Animation of a flare event. (Image courtesy the Space Environment Center, NOAA)
Prominences:
Prominences are huge arches of gas, extending from the active region at the photosphere level high into the chromosphere. The plasma (hot, ionized gas) is trapped along the magnetic field lines extending from the Sun's surface. Most of these features dwarf our Earth. When these arches of gas are observed against the disk of the Sun rather than the edge, they appear as dark streaks and are called filaments—same phenomena, different viewpoints.

Animation of the formation of a prominence. (Image courtesy the Space Environment Center, NOAA)

Plages:
Even from far away on our journey to the Sun, we can spot the sunspots, dark cooler regions that are part of the photosphere (described below). The number of sunspots vary with the Sun's activity cycle: hundreds during the peak, and often none during the quiet times. One would think that the Sun, therefore, would be cooler during the peak of activity since its surface is blotted with dark sunspots. The Sun, however, is actually more luminous (by a small amount) during the peak of its activity and this is because of the plages associated with the active regions. Click on the following image for a larger picture.

(Image courtesy of National Solar Observatory, Sacramento Peak)
Spicules:
As we swerve our spaceship to avoid going into a plage region, we find we cannot avoid the rising spikes of gas—spicules—that are throughout the chromosphere. Some of these spikes rise thousands of kilometers, jets of gas moving upward at about 30 km/sec. They make the Sun look a bit hairy. Let's spend a few minutes flying in and around these spikes; we must be careful, though, as each spike lasts about 10 minutes and we never know when a jet might just spike up beneath our ship!
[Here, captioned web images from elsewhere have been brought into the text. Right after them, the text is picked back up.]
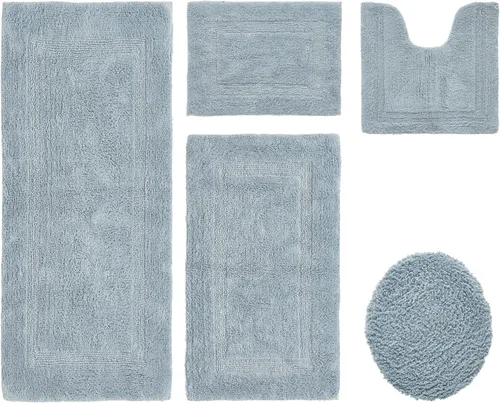 Vista 334 de Better Trends - Juego de 2 alfombras de baño 100% algodón, extra suaves, con borlas, de 17" x 24", alfombra de baño superabsorbente y reversible
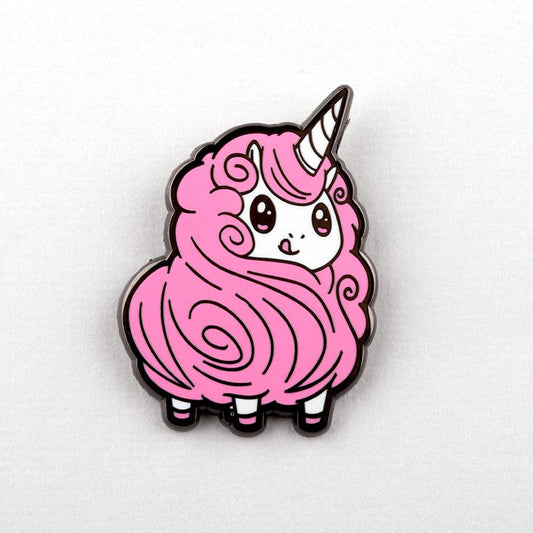 A pink, cartoon-style enamel pin of a fluffy Cotton Candy Llamacorn pin with a swirling mane and a silver horn against a plain background by Unstable Games.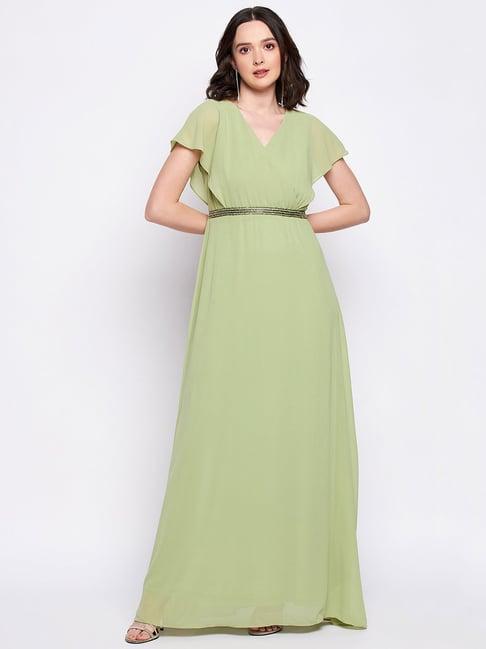 madame green maxi dress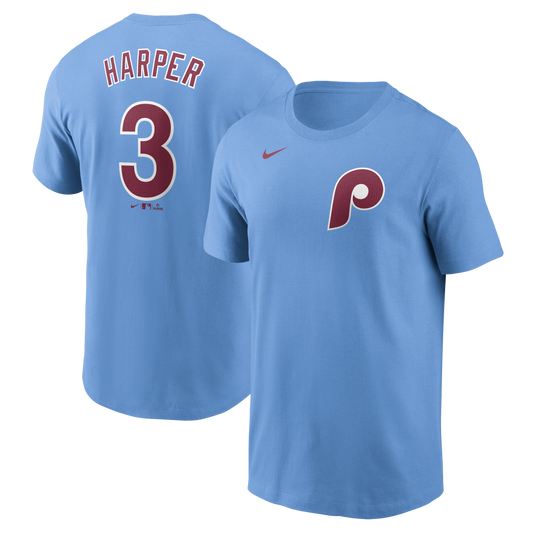 Men's Bryce Harper Philadelphia Phillies Nike Valor Blue Name and Number T-Shirt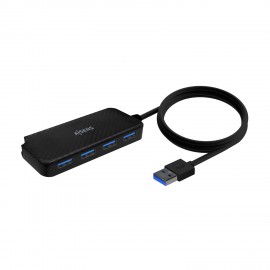 AISENS Hub USB 3.0, Tipo A/M-4x Tipo A/H, Negro, 60cm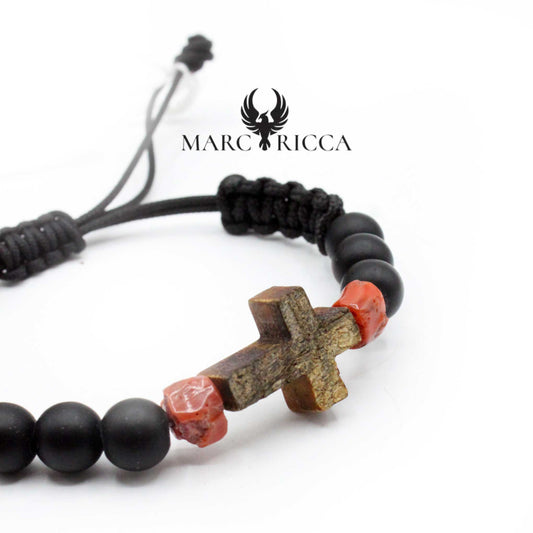 Bracelet Cordon Croix en Corne de Bélier & Corail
Rising, spiky jets of gas called spicules. This image is taken through a filter that isolates the 656.3 nm wavelength of neutral hydrogen. (Image courtesy of National Solar Observatory)

An interesting note about the chromosphere. The chromosphere, being hotter than the photosphere below it, shows emission spectra representing the various elements that make up the Sun. In the year 1868, while spectroscopy of the Sun was still in its infancy, astronomers noted an unusual emission line while observing a prominence. This line had not been seen on Earth, and could not be reproduced, at that time, in the laboratory. A British civil servant, Norman Lockyer, suggested that it was a new element. The element was, of course, helium, for helios meaning Sun. The element was later found on Earth in 1895. A strange tale of discovery for the second most common element in the Universe.

Photosphere

At last we have reached what we call the "surface" of the Sun: the photosphere or sphere of light. The photosphere defines the solar disc and gives the Sun its characteristic temperature and color: 5800 Kelvin and green-yellow. (Our atmosphere scatters some of the blue light from the radiation coming from the Sun, making the Sun look more yellow from the ground.)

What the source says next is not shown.